Solutions are expressed more in terms of what is to be computed than in terms of how the computation is performed.
Side effects, especially rebinding names repeatedly, are minimized. Functions are referentially transparent (see Glossary).
Expressions are emphasized over statements; in particular, expressions often describe how a result collection is related to a prior collection?most especially list objects.
The following Python constructs are used prevalently: the built-in functions map(), filter(), reduce(), apply(), zip(), and enumerate(); extended call syntax; the lambda operator; list comprehensions; and switches expressed as Boolean operators.

Many experienced Python programmers consider FP constructs to be as much of a wart as a feature. The main drawback of a functional programming style (in Python, or elsewhere) is that it is easy to write unmaintainable or obfuscated programming code using it.
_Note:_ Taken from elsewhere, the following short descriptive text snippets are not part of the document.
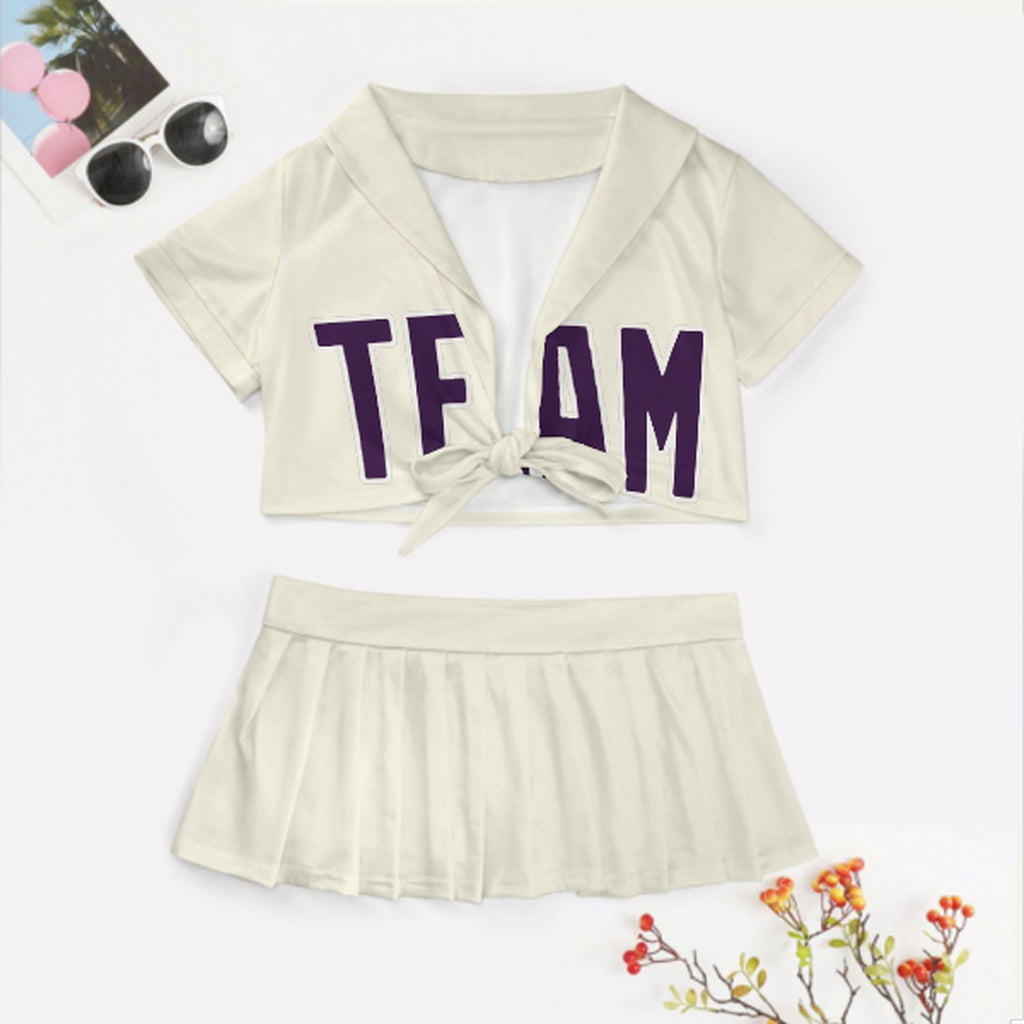 Custom Cream Purple Cheerleading Uniform Set
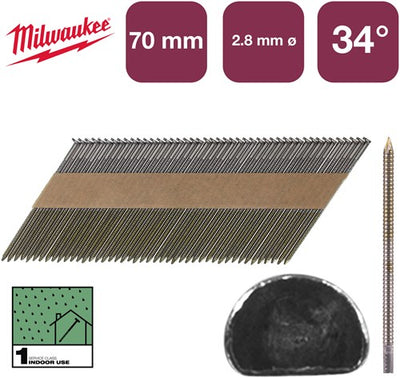 Accessoires Milwaukee clous tête D 34° 70mm rs b sc1 | 2 200 pièces - 4932492601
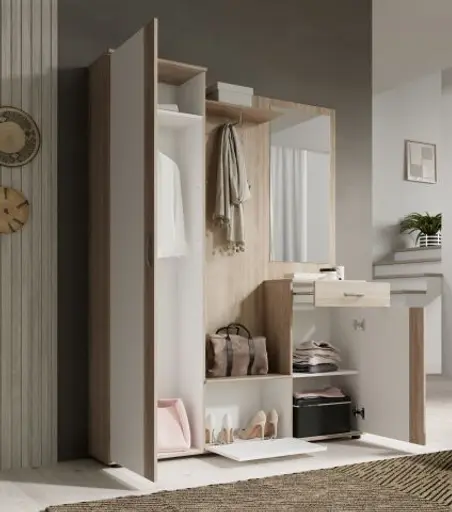 Kompaktgarderobe - Sonoma Eiche Nachbildung, Weiß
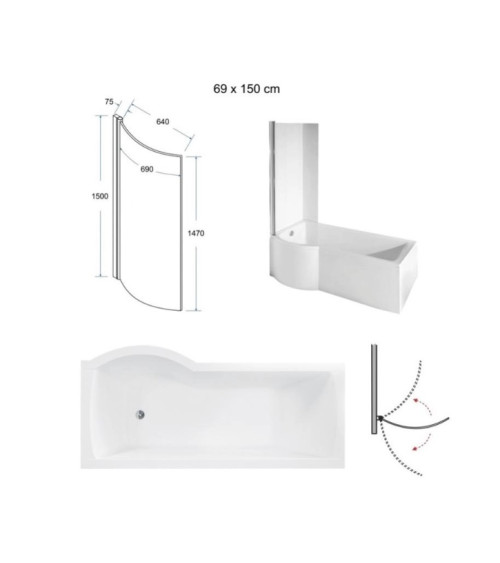 Badkuip INSPIRO zwart voorpaneel 160 cm + badwand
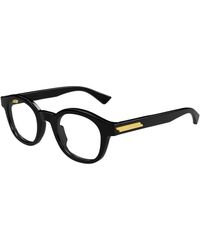 Bottega Veneta - Bv1413O 001 Optical Frames Acetate Transparent Round - Lyst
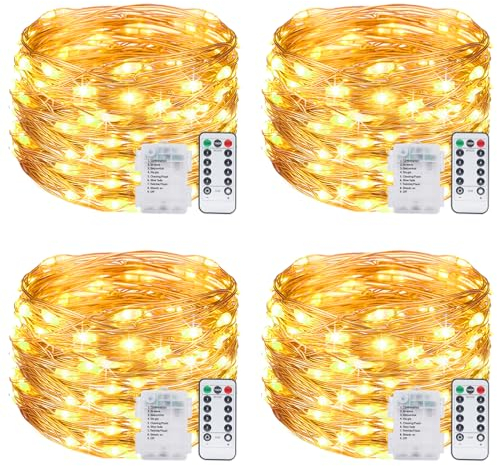 kolpop 4 Piezas Guirnalda Luces Pilas,12M 120 LED 8 modos de luz y control remoto con temporizador, para Exterior/Interior Decoración, Jardin, Fiesta, Navidad, Halloween, Bodas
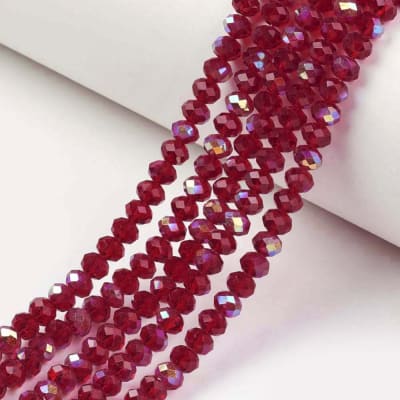 CRISTAL AUSTRIACO POR TIRA 4X3MM ELECTROPLATE ROJO LADRILLO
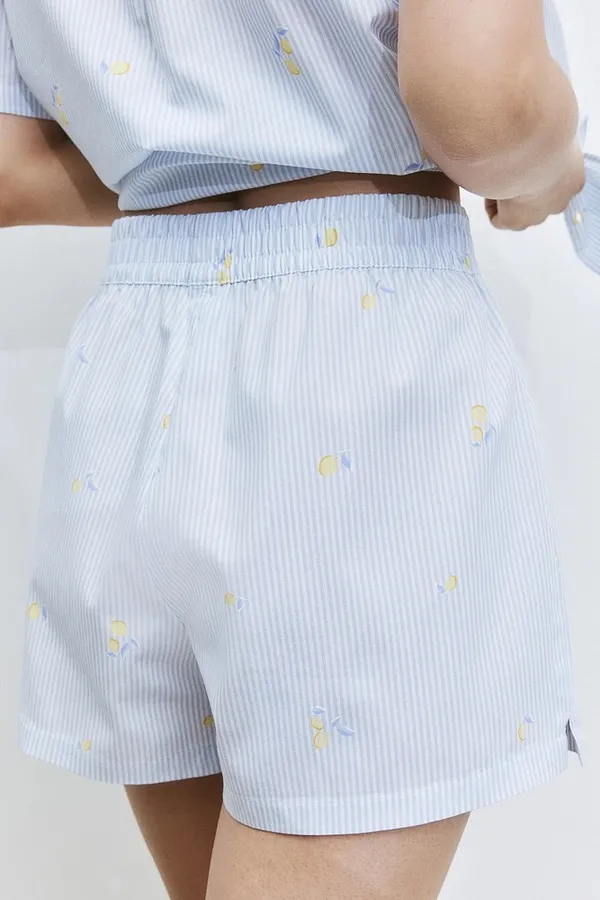 H&M Blue White Striped Shirt and Shorts Lemon Print Pattern Set - Image 6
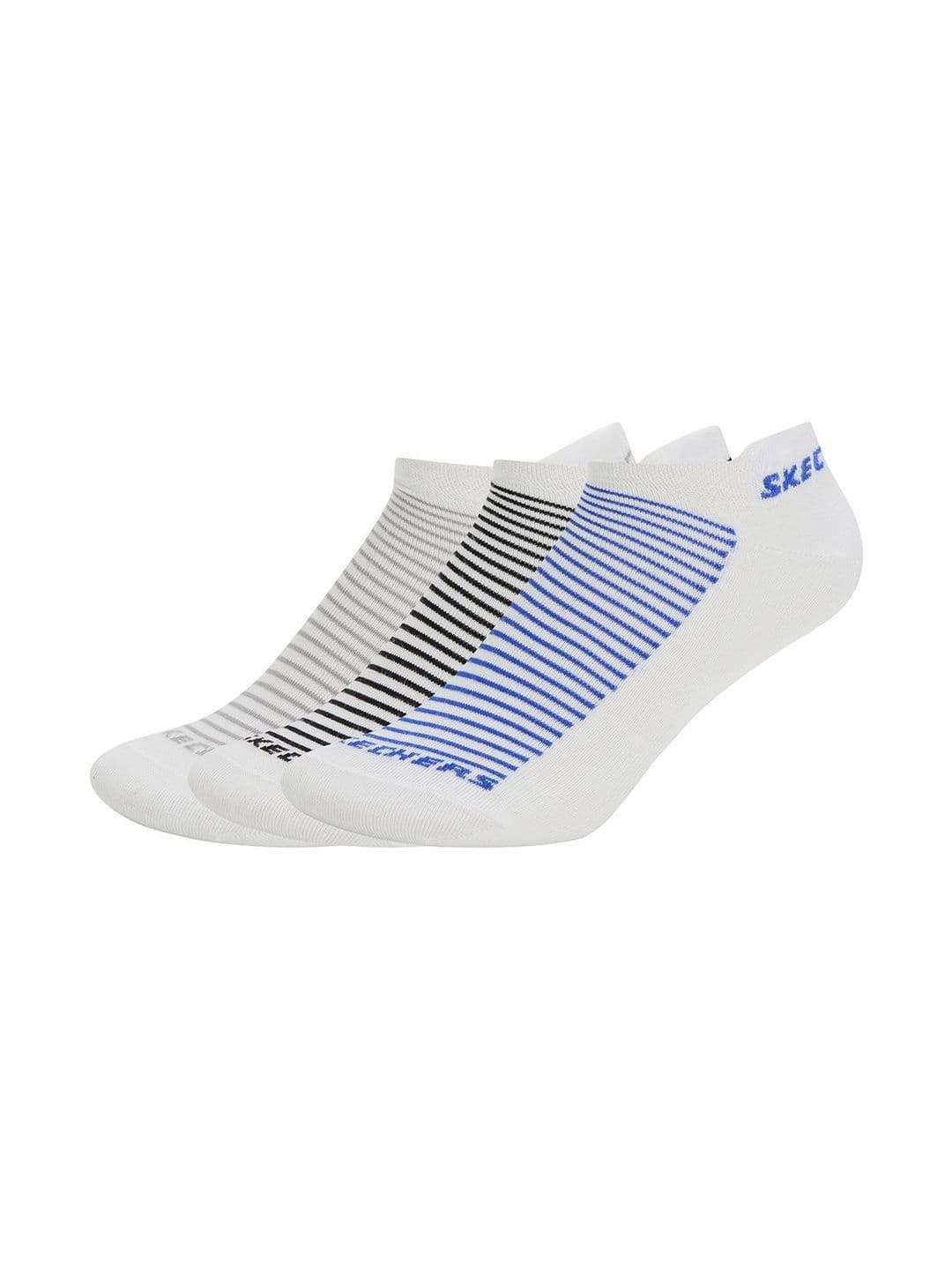 Skechers Men Pack Of 3 Striped Cotton Ankle Length Socks - view 1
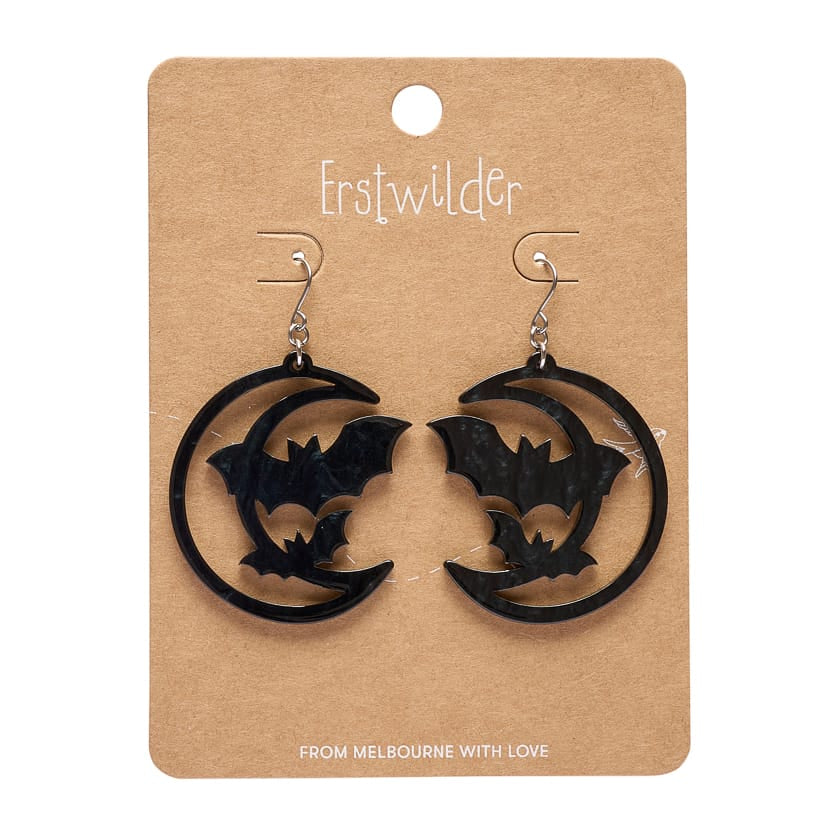 Moon & Bats Drop Earrings - Black  -  Erstwilder Essentials  -  Quirky Resin and Enamel Accessories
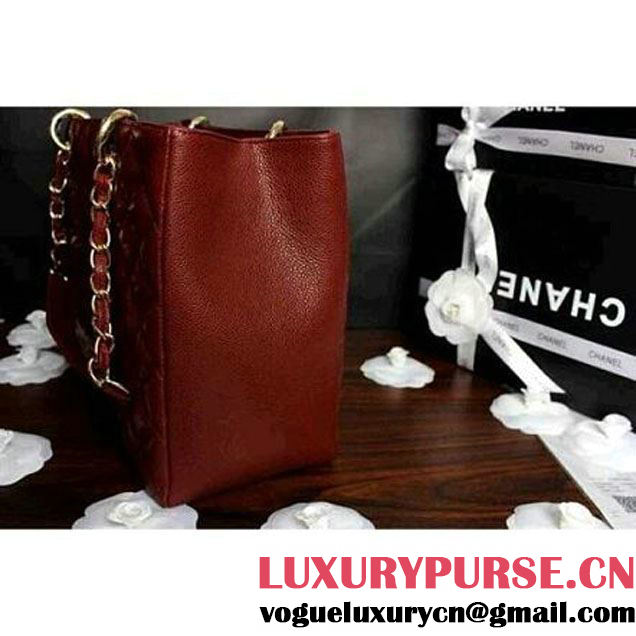 Chanel A50995 Wine red Caviar Leather GST Shopping Tote With GHW (A50995-WC ) (A50995-WC )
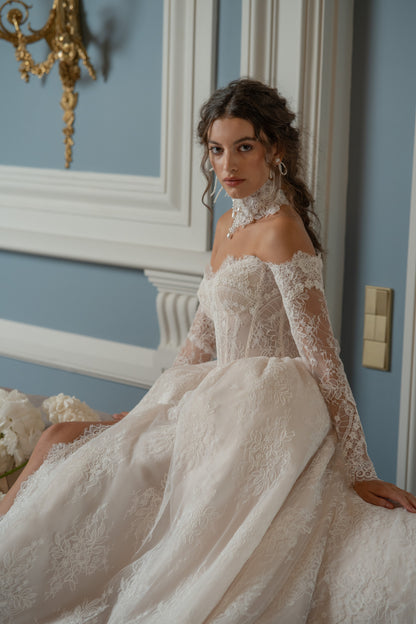 Lace A-Line Wedding Dress with Off-Shoulder Sleeves, Corset Bodice and Thigh Slit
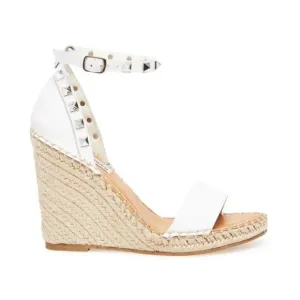Steven New York Steve Madden McKenna White Espadrille Wedge Sandals Size 10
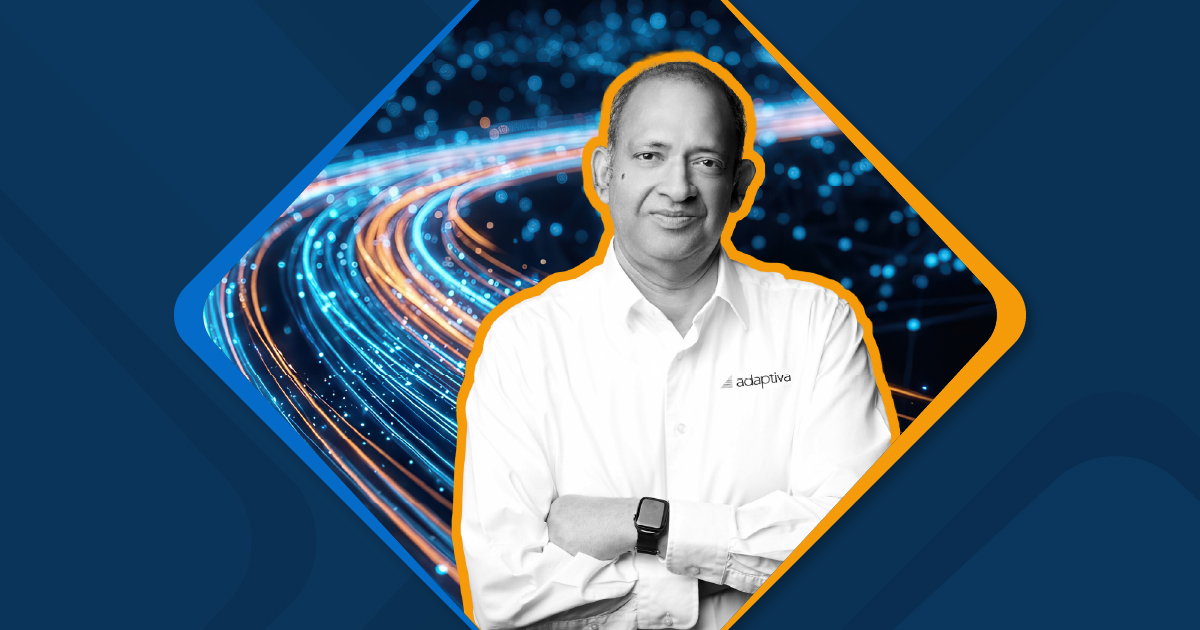 Adaptiva press graphic featuring Deepak Kumar in front of a network-themed background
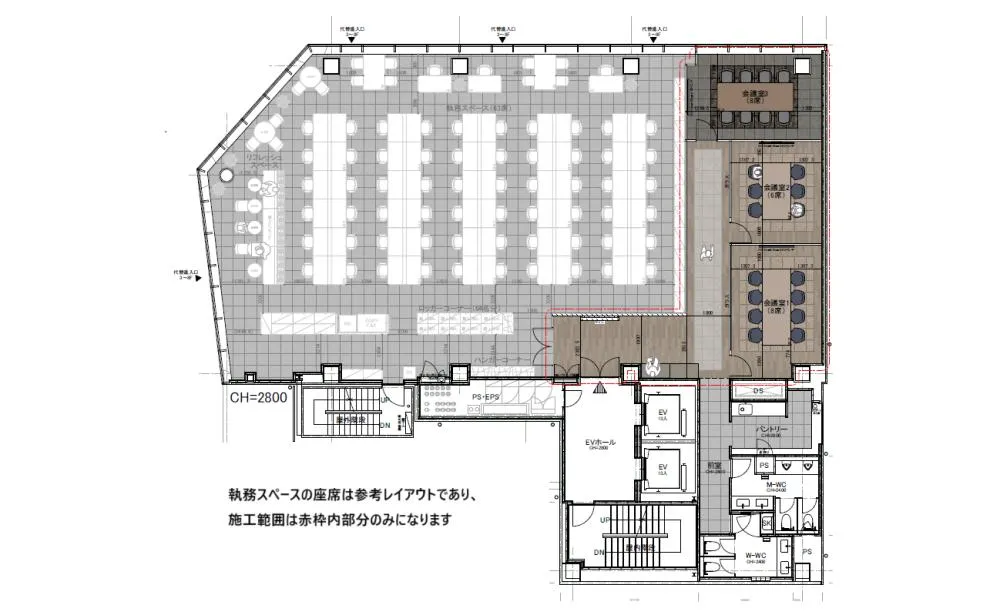 シックな内装 会議室3室有りの居抜き賃貸オフィス物件(約120坪) ｜居抜きオフィス物件検索サイト【vivit-ビビット】（2）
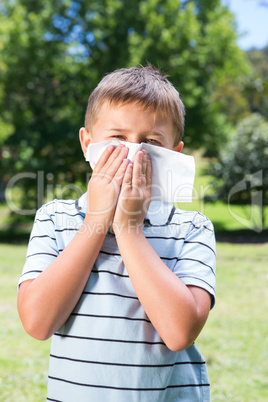 Little boy blowing his nose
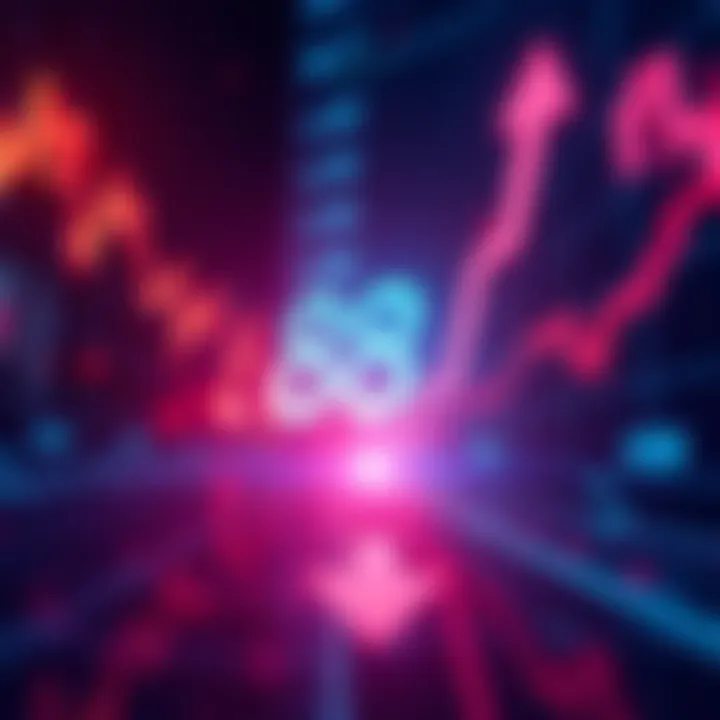 A stock market chart showing trading activity around the price point of 88, with arrows indicating upward and downward trends.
Too many map(), reduce(), and filter() functions nested inside each other lose all the self-evidence of Python's simple statement and indentation style. Adding unnamed lambda functions into the mix makes matters that much worse. The discussion in Chapter 1 of higher-order functions gives some examples.

A.5.1 Emphasizing Expressions Using `lambda`

The lambda operator is used to construct an "anonymous" function. In contrast to the more common def declaration, a function created with lambda can only contain a single expression as a result, not a sequence of statements, nested blocks, and so on. There are inelegant ways to emulate statements within a lambda, but generally you should think of lambda as a less-powerful cousin of def declarations.

Not all Python programmers are happy with the lambda operator. There is certainly a benefit in readability to giving a function a descriptive name. For example, the second style below is clearly more readable than the first:

>>> from math import sqrt
>>> print map(lambda (a,b): sqrt(a**2+b**2),((3,4),(7,11),(35,8)))
[5.0, 13.038404810405298, 35.902646142032481]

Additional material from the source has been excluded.